With Yehuda Yaacov makes a decision for the future. Yehuda is the leader, the responsible adult among the brothers. The one who undertook to assure Benjamin’s safety and ultimately facilitated to the descent of Yaacov and family to Egypt.
And here we find the seeds of future dissent. “No tribe shall deviate from Yehuda,” is part of Yaacov’s blessing, yet what about Yosef? He’s also a potential leader, and the tribes of Menashe and Ephraim will form the backbone of Israel when it splits from Judea centuries later.
But this is not the end of the parsha. With the death of Yaacov, as noted, the brothers fear for their lives. They make up a story about Yaacov’s urging him, Yosef, to forgive his brothers for their actions – an obvious lie that again brings tears to Yosef’s eyes, this time because he realizes that they are still not a united family.
Rabbi Ari Kahn lays responsibility for this lack of unity squarely on Yosef. From the start, he says, from Yosef’s first words to them after revealing who he was, Yosef’s inherent conceit and vanity keeps intruding on his efforts for family unity. “I am Yosef your brother,” he proclaims. “Is MY father alive?” Not OUR father, MY father.
“Tell my father that God has made me a father to Pharaoh and master of all Egypt.” Dream has become nightmare.

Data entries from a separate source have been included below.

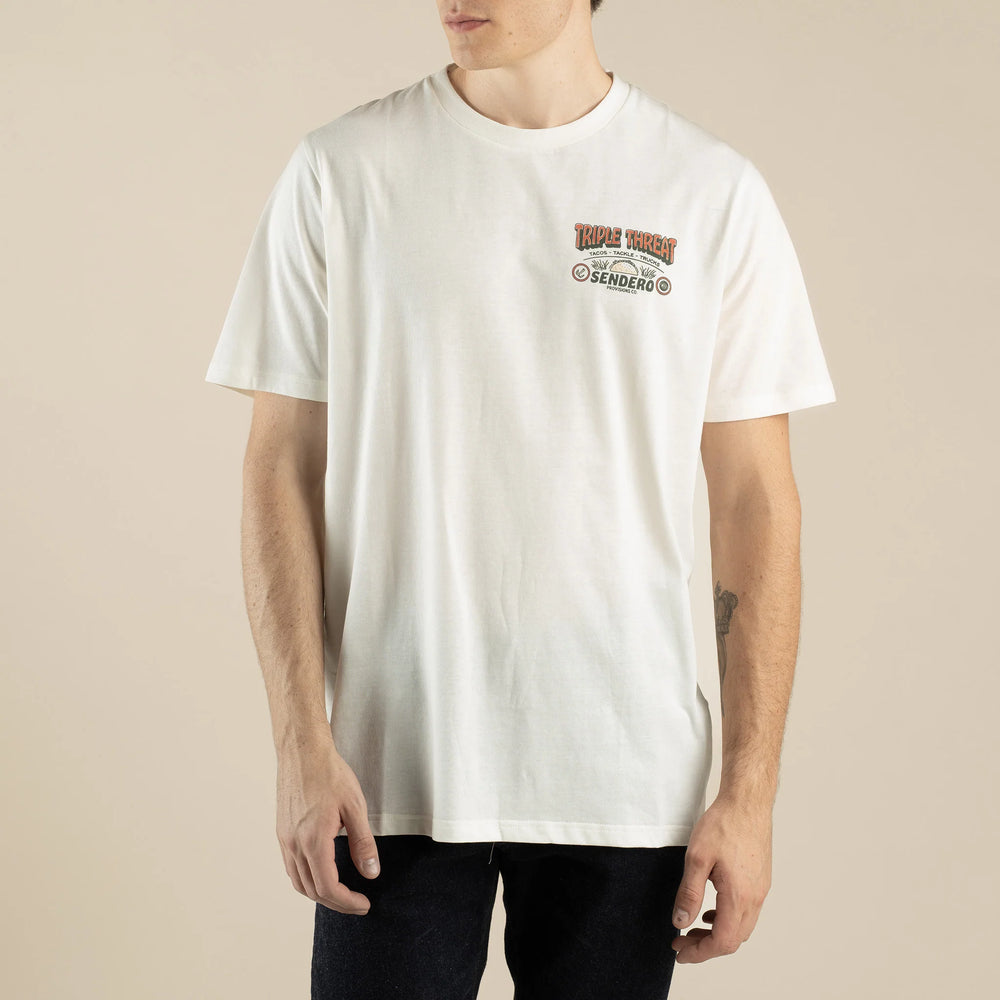 Sendero Men's Triple Threat T-Shirt - Vintage White - Sun Diego Boardshop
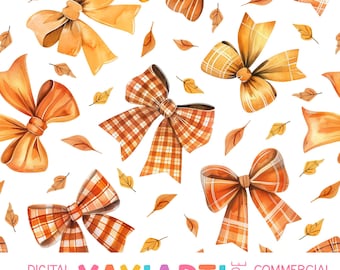 Autumn Bows on White Seamless Pattern, Orange Ribbons and Leaves Repeat Patten, Cute Girly Fall Season Download
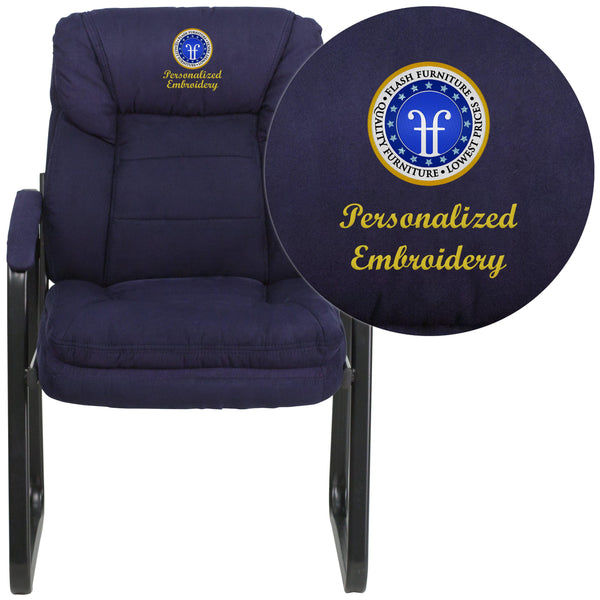 Navy Microfiber |#| EMB Navy MIC Executive Side Reception Chair with Lumbar Support and Sled Base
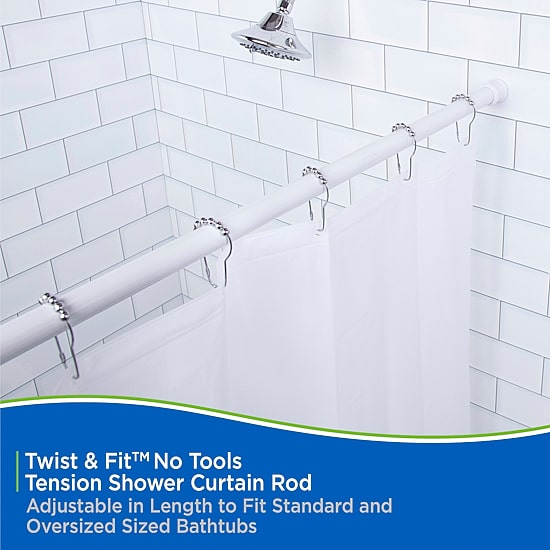 Kenney Twist & Fit No Tools 36-63 IN Adjustable Tension Shower Curtain Rod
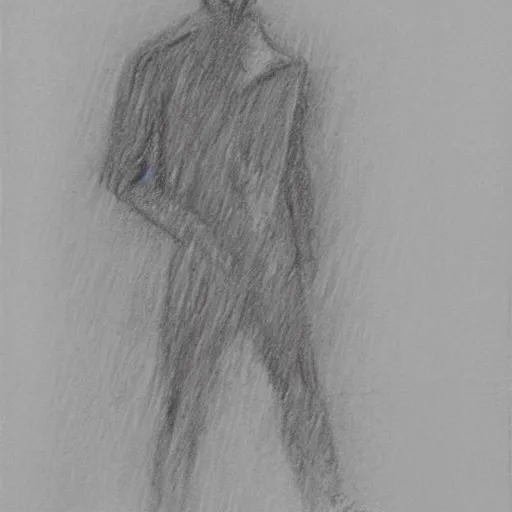 Image similar to a drawn man standing in the rain. pencil sketch.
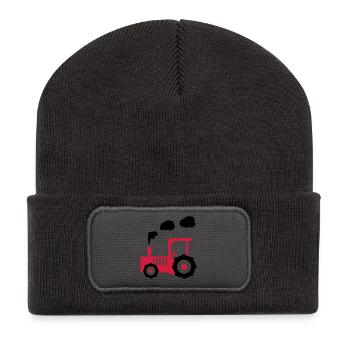 traktor landwirtschaft - Recycelte Patch Beanie - Dunkelgrau - Vorne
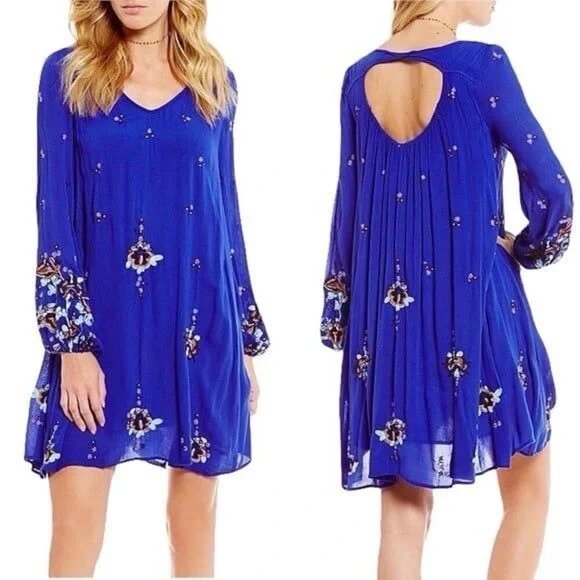 Free People Oxford Babydoll Embroidered Bell Sleeves Cobalt Blue Swing Dress M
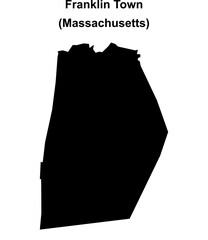 Franklin Town (Massachusetts) blank outline map
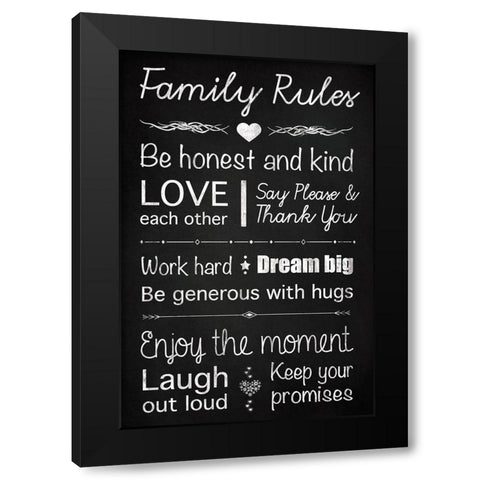 Family Rules Black Modern Wood Framed Art Print by Gibbons, Lauren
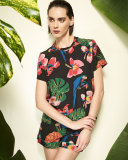 Tropical Dream Short-Sleeve Blouse, Black/Multi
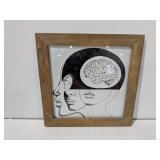 Wood Framed High Quality Photo Art: Enigmatic/ Abstract Head & Brain: Size 14 3/4" x 14 3/4"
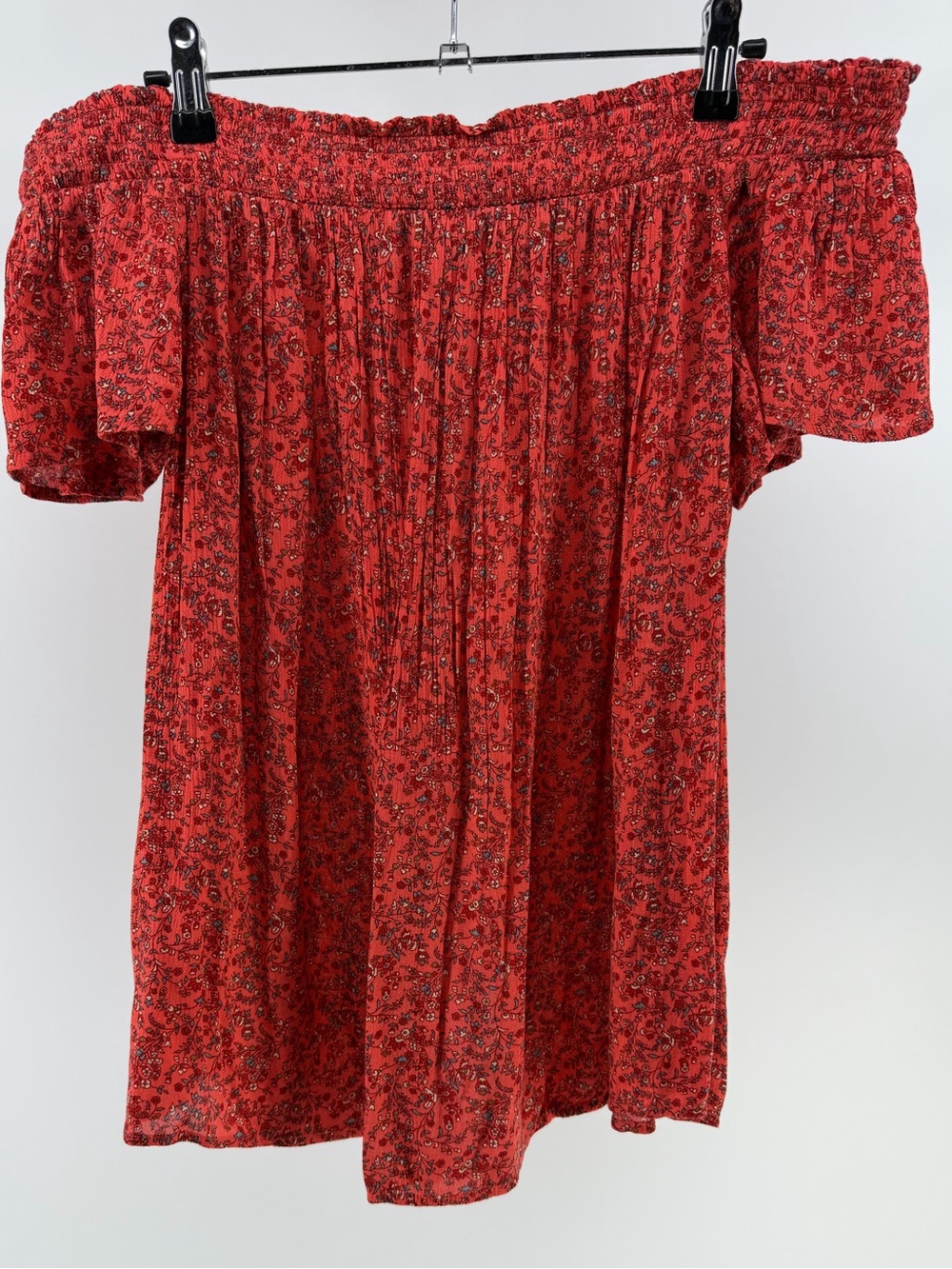 Old Navy Coral Dainty Floral Print Smocked Off Shoulder Top, Women's Large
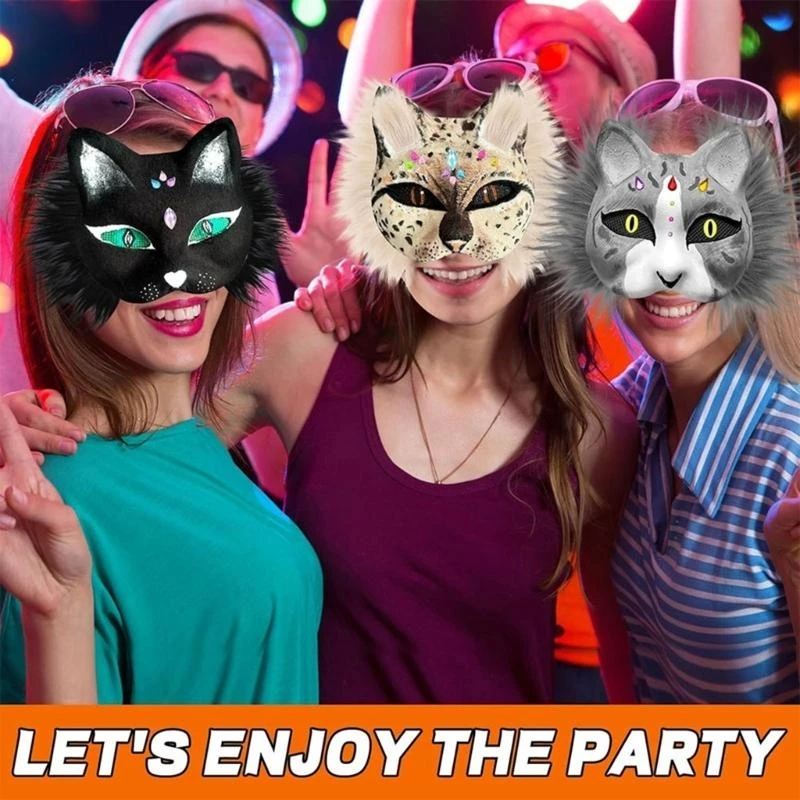 652F Foxes Cats Mask Mask Mask with Mesh Mesh Diy Therians Mask Mask Mask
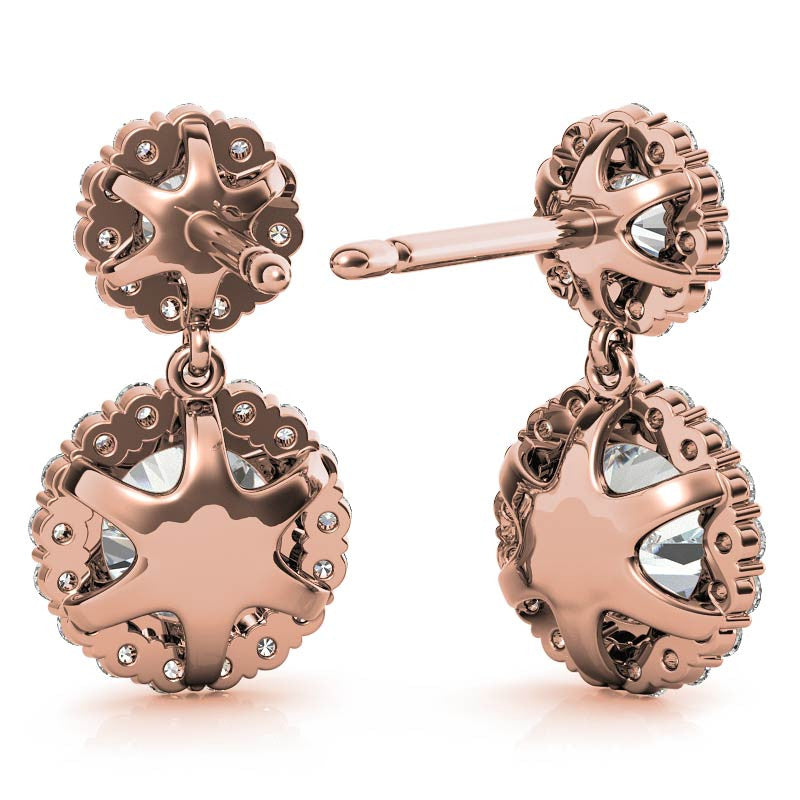 Round Halo Moissanite Drop Earrings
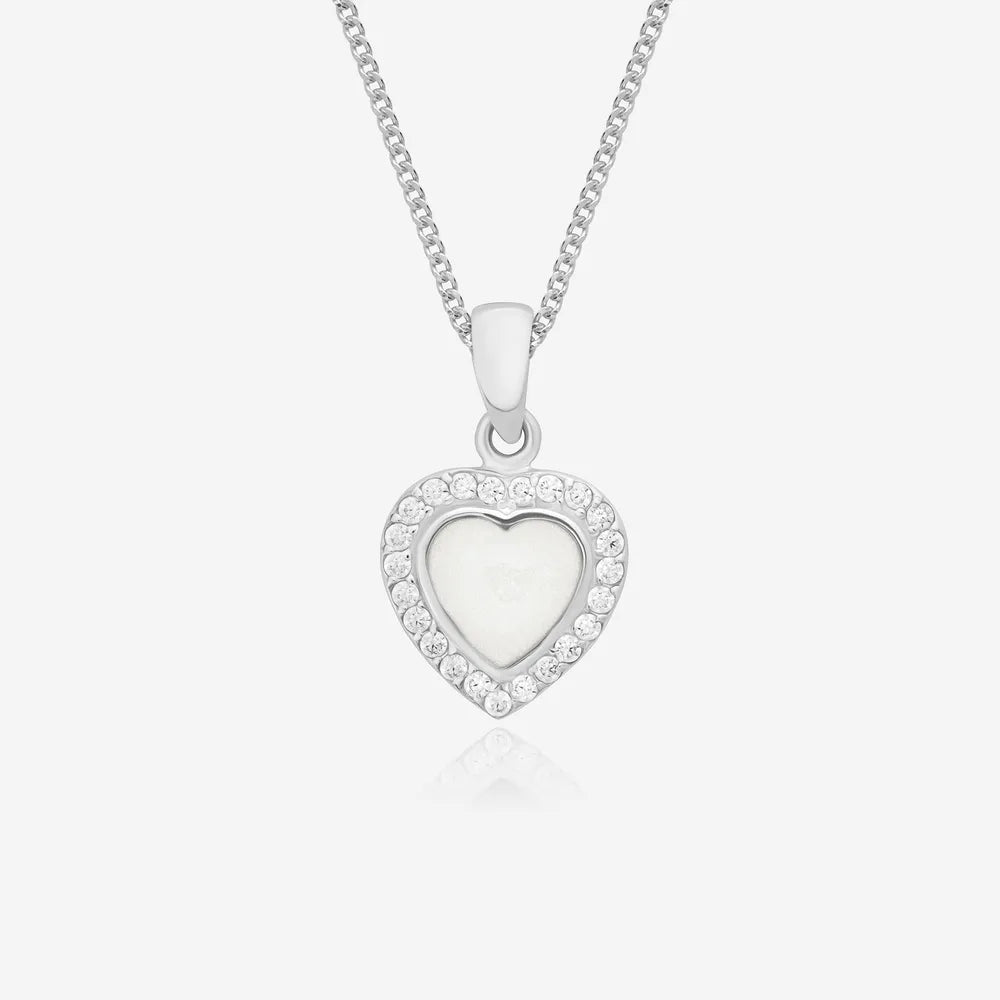 Love Heart Crystal Ashes Necklace | Ashes Pendant | Featherlings UK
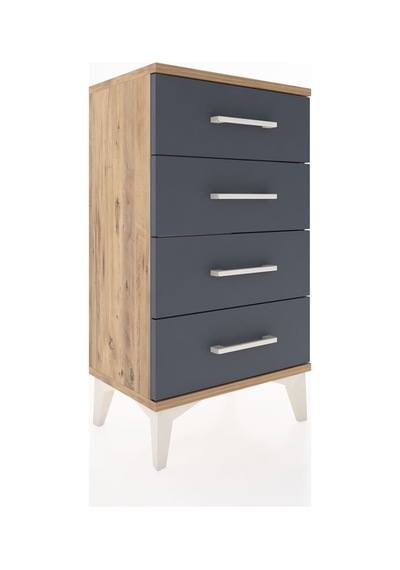 Arges Komodin 4 Çekmeceli 44x30x80 Çam-antrasit Atlas Çam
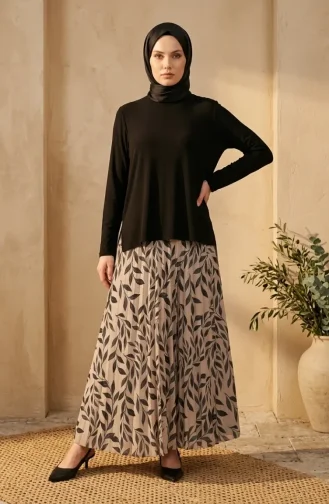 Zweiteiliges Hijab-Set Aus Sandfarbenem Stoff Mit Bluse Und Rock Artikelnummer 5582-03 Schwarz/Beige 5582-03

It takes the brothers back to their childhood, and I bet some of them thought, we should have finished him off back then.
But they are dependent on him now. He IS the master of the land, he controls the food, and indeed, he does allow them to live high and mighty. But they are always aware of his presence, of his power.
Except at the end. There is one thing Yosef cannot do by himself or through his servants – only through the good graces of his family. As he dies at the end of the parsha he begs them to promise to carry his bones for burial in Canaan, where he belongs. Over this he has no control. He needs them to promise him, as he promised his father. And they do.
It is here, as Yosef lies dying that the roles are reversed, the hierarchy of power that Yosef maintained throughout their stay in Egypt is shattered, and here it is possible that the brothers actually accept Yosef as their brother, with no reservations. Partially because he can’t hurt them now. Partially because they see into the depths of his soul.
It is as Bereshit ends with the conclusion of a long-simmering sibling rivalry, when peace has descended on the family of Yaacov, that we can enter the next phase, where a whole nation will have to come together.
We can hope that sometime in our future we will find ourselves living in peace with our fellow Jews. A seemingly impossible task today but who knows what the morrow may bring. A few responsible brothers, a few altruistic steps toward rapprochement and who knows, we may all sit together, brothers and sisters, united and strong. We are allowed to dream.